All Guides
Project Guide

Spreadsheet Agent Use Cases

See where LLM agents fit well around wb and where a direct script is still the better choice.

LLM Use with AI

Spreadsheet Agent Use Cases

LLM agents work best when the job mixes workbook operations with interpretation, policy, or human-facing summaries. Let wb do the spreadsheet work. Let the model decide what to inspect, how to explain it, and which patch to propose.

Good Fits

Budget and Forecast Review

Read a summary range, trace a few key formulas, and explain why totals moved.

Typical command loop:

  • wb info
  • wb read --headers --range ...
  • wb dep --cell ...
  • wb calc --range ...

This works well when a finance user wants both a spreadsheet change and a written explanation of the change.

Workbook Cleanup and Normalization

Normalize sheet names, clear bad cells, set column widths, and fix obviously broken formulas.

Typical command loop:

  • wb info
  • wb read --headers
  • wb edit --validate-only --plan
  • wb edit

This is a good fit when the cleanup rules are partly mechanical and partly contextual.

Analyst Copilot for Existing Models

Answer questions like “where does this KPI come from?” or “what breaks if we change this assumption?”

Typical command loop:

  • wb read --range ...
  • wb dep --cell ... --direction both
  • wb calc --range ...

This is where an agent can add real value by turning dependency output into a human explanation with exact references.

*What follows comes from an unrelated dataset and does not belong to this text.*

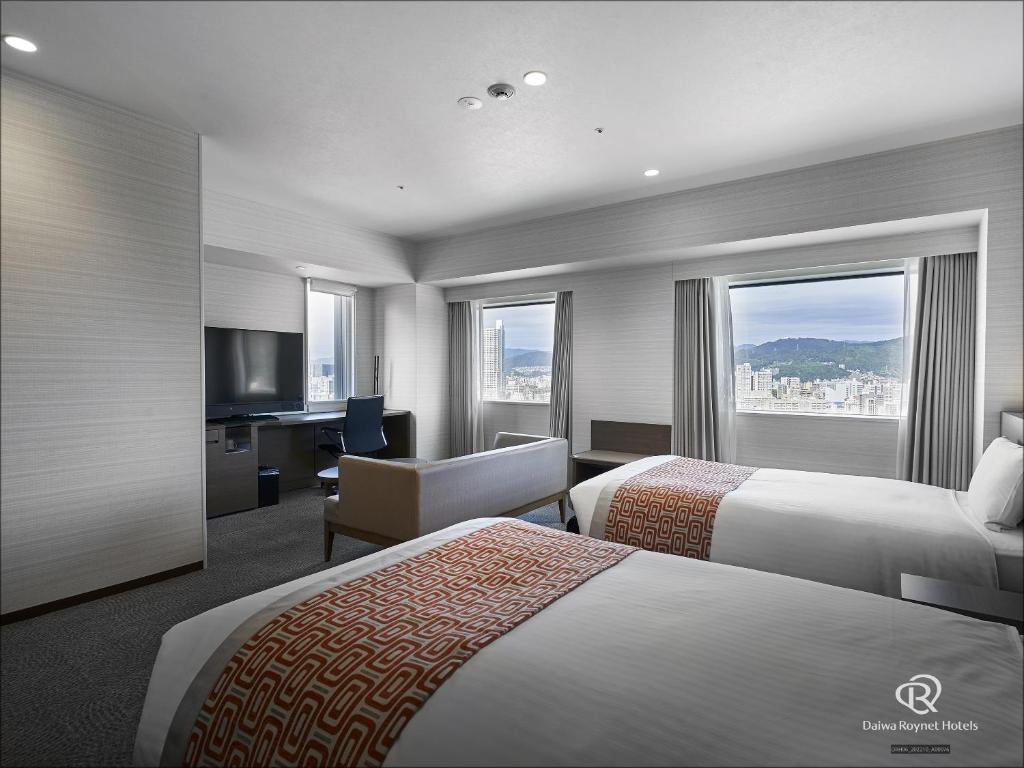 Daiwa Roynet Hotel Hiroshima-ekimae photo 1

Creating New Workbooks from Structured Inputs

Turn extracted facts, API payloads, or a planning brief into a workbook spec and then build the file.

Typical command loop:

  • wb create --spec ...
  • wb edit --patch ...
  • wb calc

This works best when the model is generating structure from semi-structured inputs and wb is responsible for the actual file.

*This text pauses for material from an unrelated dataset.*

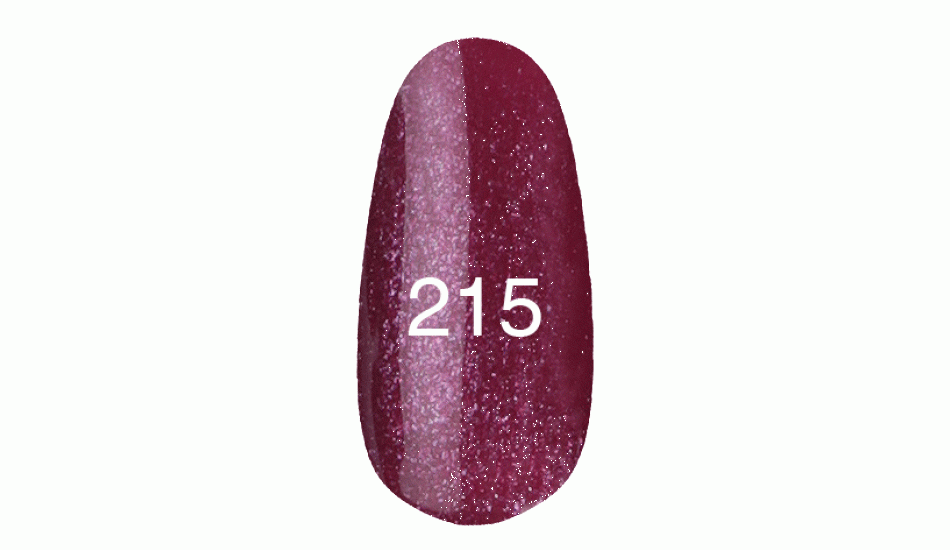 Гель лак № 215 Сияющий пурпурный (С перламутром) - фото 1 - id-p3500004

Batch QA and Regression Triage

Open many generated workbooks, recalculate formulas, and surface the cells that need human review.

Typical command loop:

  • wb info
  • wb read --range ... --format json
  • wb calc --format json

This is useful in CI, fixture auditing, and migration work where the model is summarizing failures rather than inventing spreadsheet logic from scratch.

When Not to Use an Agent

Skip the agent layer when the task is fully deterministic:

  • fixed ETL pipelines that already know every target cell
  • large batch rewrites where a direct script is cheaper and easier to test
  • high-stakes financial closes where no human will review the patch

In those cases, use the Go library or a plain wb script directly.

Practical Guardrails

  • Read only the range the model needs.
  • Keep the workbook as the source of truth, not screenshots or copied tables.
  • Validate patches before saving.
  • Recalculate after edits that can affect formulas.
  • Return exact sheet and cell references in every summary.